Quando si parla di demografia o di debito pubblico l’Italia viene spesso paragonata al Giappone. Ha il secondo tasso di fecondità più basso d’Europa, pari a 1,2 figli per donna. La popolazione diminuisce dal 2015. La riforma delle pensioni, varata dal governo Monti tra il 2011 e il 2013, è stata in parte ribaltata, con il risultato che l’Italia è lo stato dell’Ocse che spende per le pensioni la percentuale più alta del pil. Anche i costi per i servizi all’infanzia sono alti. I politici sono preoccupati: lo dimostra la decisione di Giorgia Meloni di scegliere come ministra della famiglia una conservatrice cattolica, Eugenia Maria Roccella, e di aggiungere la parola “natalità” al nome del ministero.

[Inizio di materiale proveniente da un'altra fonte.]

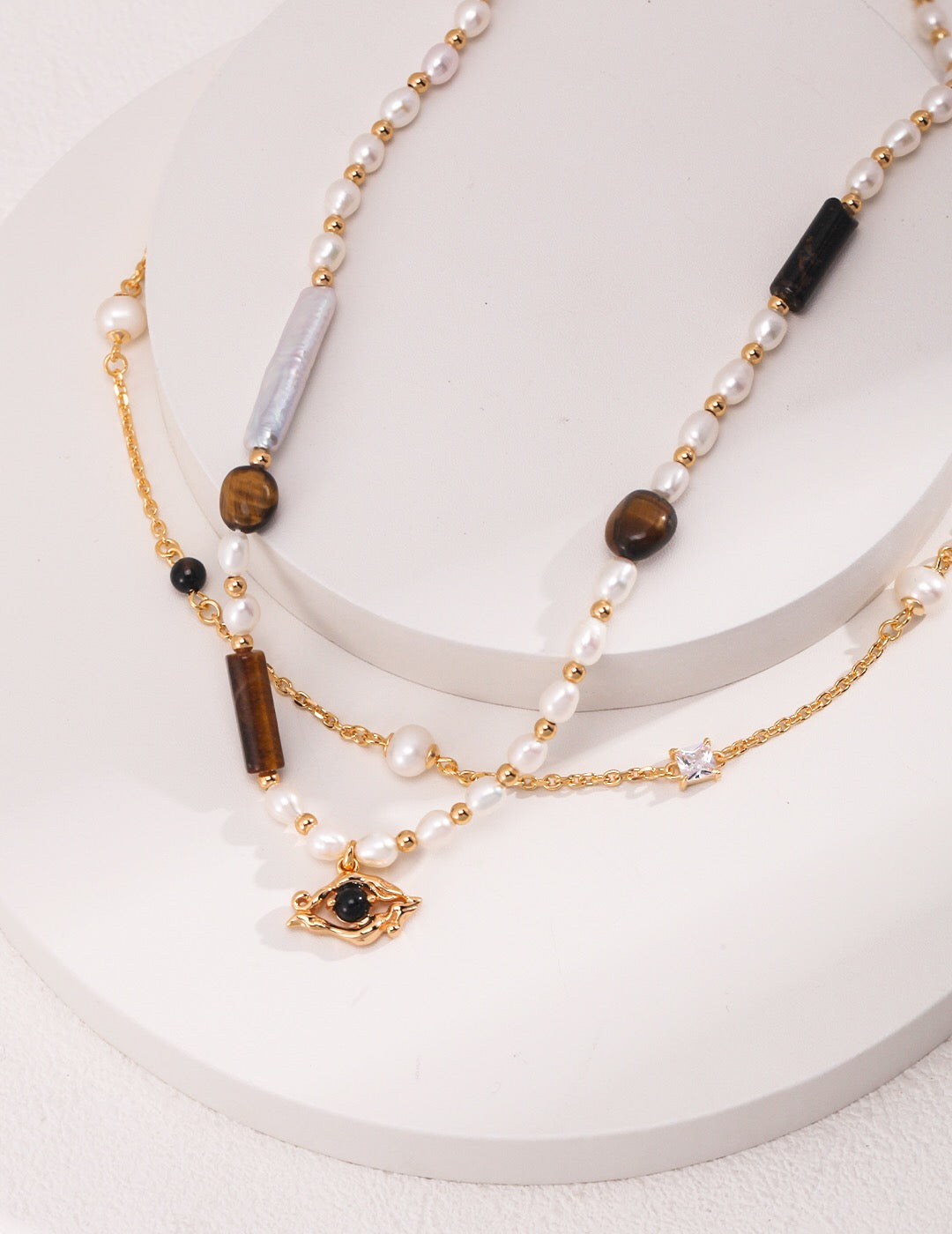 Elegant Pearl Black Onyx Cubic Zirconia Chain Necklace featuring black agate, freshwater pearls, and gold vermeil, showcasing its luxurious design.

Tradizionalmente l’Italia è un paese di emigrazione e non di immigrazione, ma ora le cose sono cambiate. Alfonso Giordano, esperto di demografia dell’università Luiss di Roma, sostiene che l’Italia non è capace d’integrare gli immigrati. È ancora in vigore il principio dello ius sanguinis (diritto di sangue), per cui è italiano chi nasce da almeno un genitore che è cittadino italiano. Quindi anche ai figli degli immigrati nati in Italia può essere negata la cittadinanza. Secondo Giordano, un maggiore coordinamento europeo nella gestione dell’immigrazione irregolare potrebbe favorire quella legale. E per molti economisti, un aumento dell’immigrazione è necessario.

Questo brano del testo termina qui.